EXERCISE PROMPT
Go to the line that contains "The Herend Bunny" and transcribe from there to the end of the entries, that line and the last one included.

Short text fragments from websites
Content starts

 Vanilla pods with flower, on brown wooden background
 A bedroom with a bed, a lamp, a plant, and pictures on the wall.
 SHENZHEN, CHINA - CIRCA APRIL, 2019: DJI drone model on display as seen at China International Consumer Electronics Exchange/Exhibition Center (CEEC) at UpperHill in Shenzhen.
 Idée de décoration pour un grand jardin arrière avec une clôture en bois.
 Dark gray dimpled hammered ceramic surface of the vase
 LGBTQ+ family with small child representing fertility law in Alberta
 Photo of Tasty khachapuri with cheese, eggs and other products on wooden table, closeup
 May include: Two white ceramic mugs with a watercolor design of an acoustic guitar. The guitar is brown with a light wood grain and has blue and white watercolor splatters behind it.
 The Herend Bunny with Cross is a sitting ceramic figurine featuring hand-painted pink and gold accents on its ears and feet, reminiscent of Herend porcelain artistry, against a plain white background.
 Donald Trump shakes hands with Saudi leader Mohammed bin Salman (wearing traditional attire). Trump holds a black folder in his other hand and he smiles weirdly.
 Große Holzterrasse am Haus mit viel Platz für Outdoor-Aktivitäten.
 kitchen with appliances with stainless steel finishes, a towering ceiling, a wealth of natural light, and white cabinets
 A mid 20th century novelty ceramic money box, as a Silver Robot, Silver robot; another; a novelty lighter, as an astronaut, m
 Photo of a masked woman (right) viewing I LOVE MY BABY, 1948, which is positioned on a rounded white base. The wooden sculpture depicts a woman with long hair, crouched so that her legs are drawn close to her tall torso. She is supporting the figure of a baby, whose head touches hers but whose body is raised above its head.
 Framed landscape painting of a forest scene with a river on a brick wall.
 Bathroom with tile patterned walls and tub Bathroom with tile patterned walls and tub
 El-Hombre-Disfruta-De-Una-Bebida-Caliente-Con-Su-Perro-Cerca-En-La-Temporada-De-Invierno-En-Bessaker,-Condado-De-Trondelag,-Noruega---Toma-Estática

Content ends

ANSWER TO THIS PROBLEM
 The Herend Bunny with Cross is a sitting ceramic figurine featuring hand-painted pink and gold accents on its ears and feet, reminiscent of Herend porcelain artistry, against a plain white background.
 Donald Trump shakes hands with Saudi leader Mohammed bin Salman (wearing traditional attire). Trump holds a black folder in his other hand and he smiles weirdly.
 Große Holzterrasse am Haus mit viel Platz für Outdoor-Aktivitäten.
 kitchen with appliances with stainless steel finishes, a towering ceiling, a wealth of natural light, and white cabinets
 A mid 20th century novelty ceramic money box, as a Silver Robot, Silver robot; another; a novelty lighter, as an astronaut, m
 Photo of a masked woman (right) viewing I LOVE MY BABY, 1948, which is positioned on a rounded white base. The wooden sculpture depicts a woman with long hair, crouched so that her legs are drawn close to her tall torso. She is supporting the figure of a baby, whose head touches hers but whose body is raised above its head.
 Framed landscape painting of a forest scene with a river on a brick wall.
 Bathroom with tile patterned walls and tub Bathroom with tile patterned walls and tub
 El-Hombre-Disfruta-De-Una-Bebida-Caliente-Con-Su-Perro-Cerca-En-La-Temporada-De-Invierno-En-Bessaker,-Condado-De-Trondelag,-Noruega---Toma-Estática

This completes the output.